I had planned a pre-Christmas visit to meet my daughter in London for the Holidays and thought, if I’m going to be in the neighborhood, maybe I should make a journey to Scotland to show him the prototype. As it turned out, John was available, so my daughter and I made the trip to Glasgow.

Spending time with John at his home in Scotland was exactly the kind of experience that shows why professional collaborations matter. There is something fundamentally different about working through a complex engineering problem face-to-face, with the actual hardware sitting on his coffee table in the living room. You can point at things. You can demonstrate behavior that's difficult to describe on the phone.

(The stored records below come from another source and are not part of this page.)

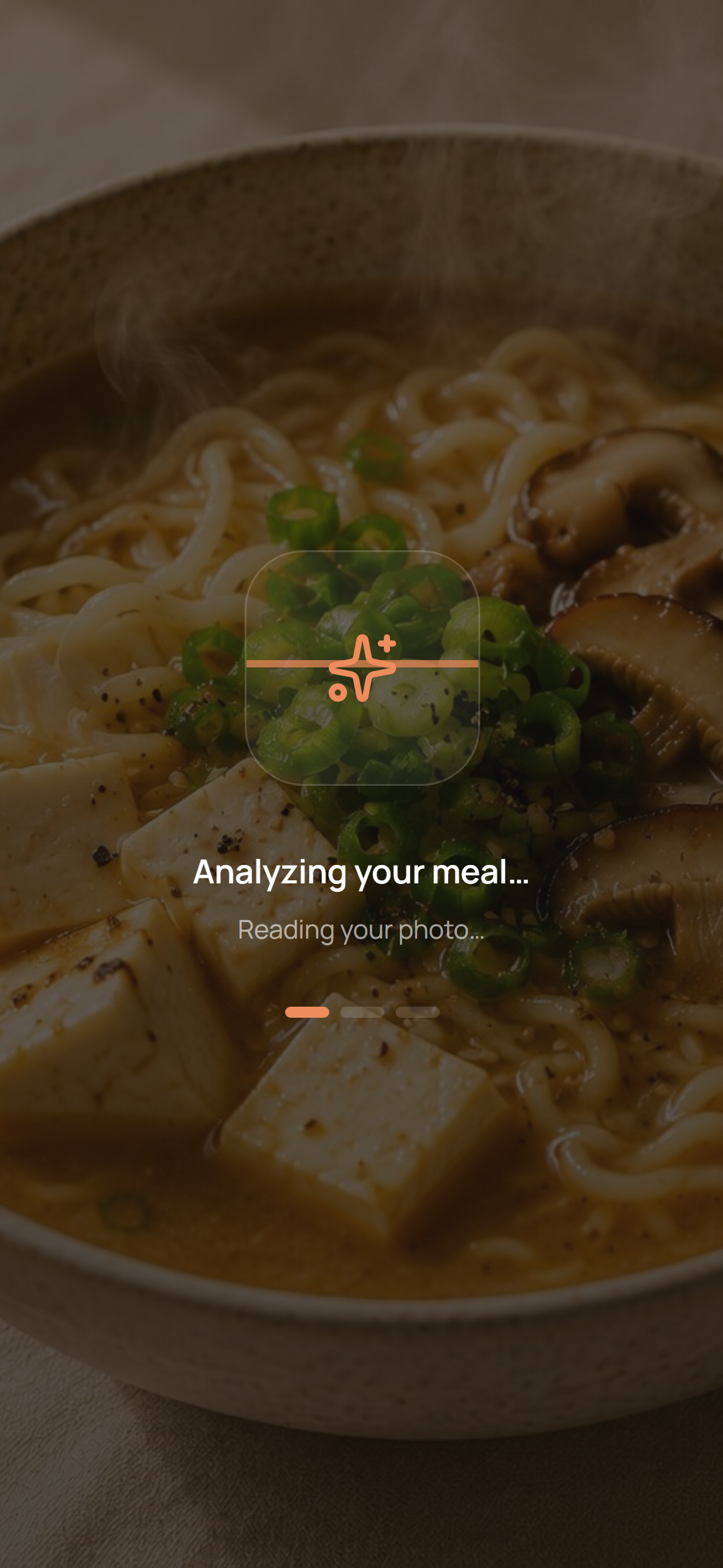 AI scanning a meal in the Nourish Tech app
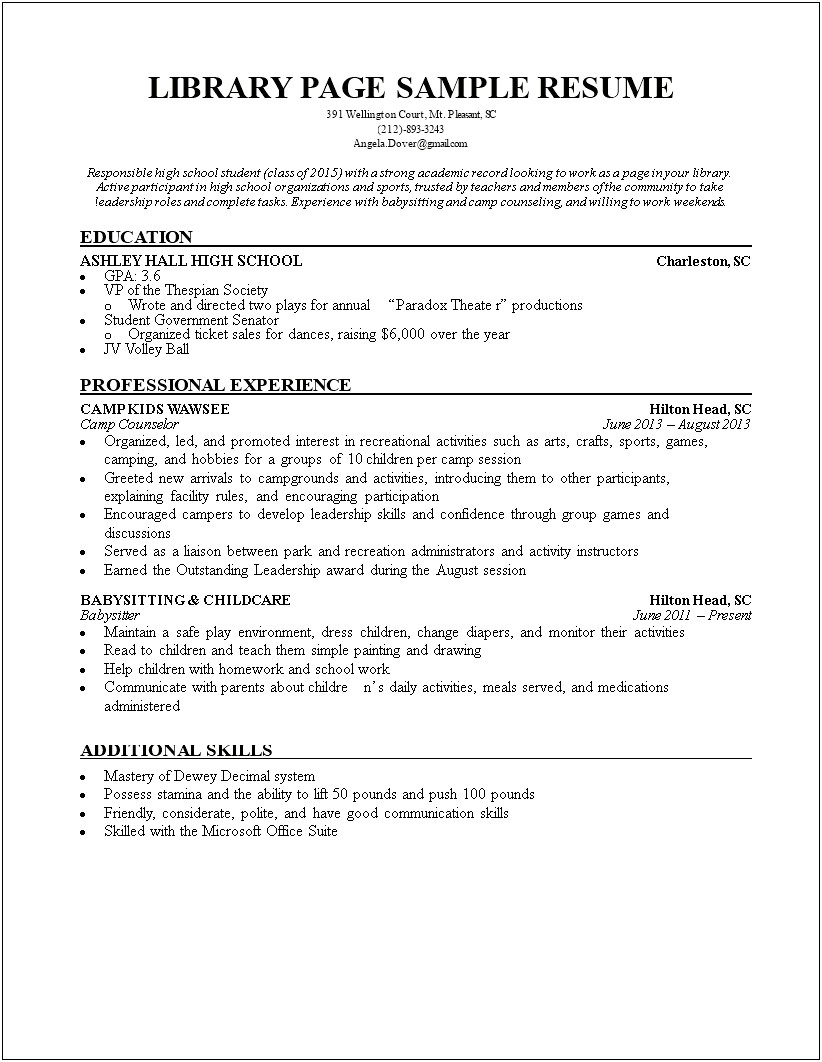 Sample Resume For An Academic Librarian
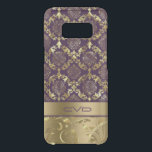 Elegant Metallic Gold & Purple Floral Lace Pattern Uncommon Samsung Galaxy S8 Case<br><div class="desc">Elegant metallic gold floral damasks on dark purple background. Custom monogram.</div>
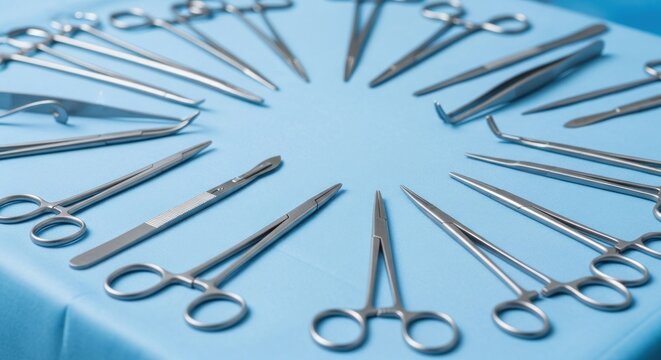 Surgical instruments arranged in a circle on blue background.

An Odyssey RP1-XG Tonearm on a Micro Seiki DQX-1000 turntable

An Odyssey RP1-XG Tonearm on a Micro Seiki DQX-1000 turntable

John definitely brought a perspective informed by years of hands-on experience and suggested different design options and different problem-solving approaches than my own − and those differences are the whole point. His advice didn't always hand me a ready-made solution to my design challenges, but it did something arguably more valuable: it opened new ways of thinking I hadn't considered, reframed some assumptions I'd been carrying, and gave me a clearer sense of where to look next.

That's what good technical collaboration is all about. It may not always solve the problem − but it can change the way you see it and spur new ways thinking. I consider myself very lucky to have been mentored by John Gordon and the advice he has so generously shared with me. If I can one day master the fish curry that he made for dinner that night, I will die a happy man.

As I continue my development work, I would be pleased if I can pass this knowledge forward to the next generation of tonearm designers and see what they can do.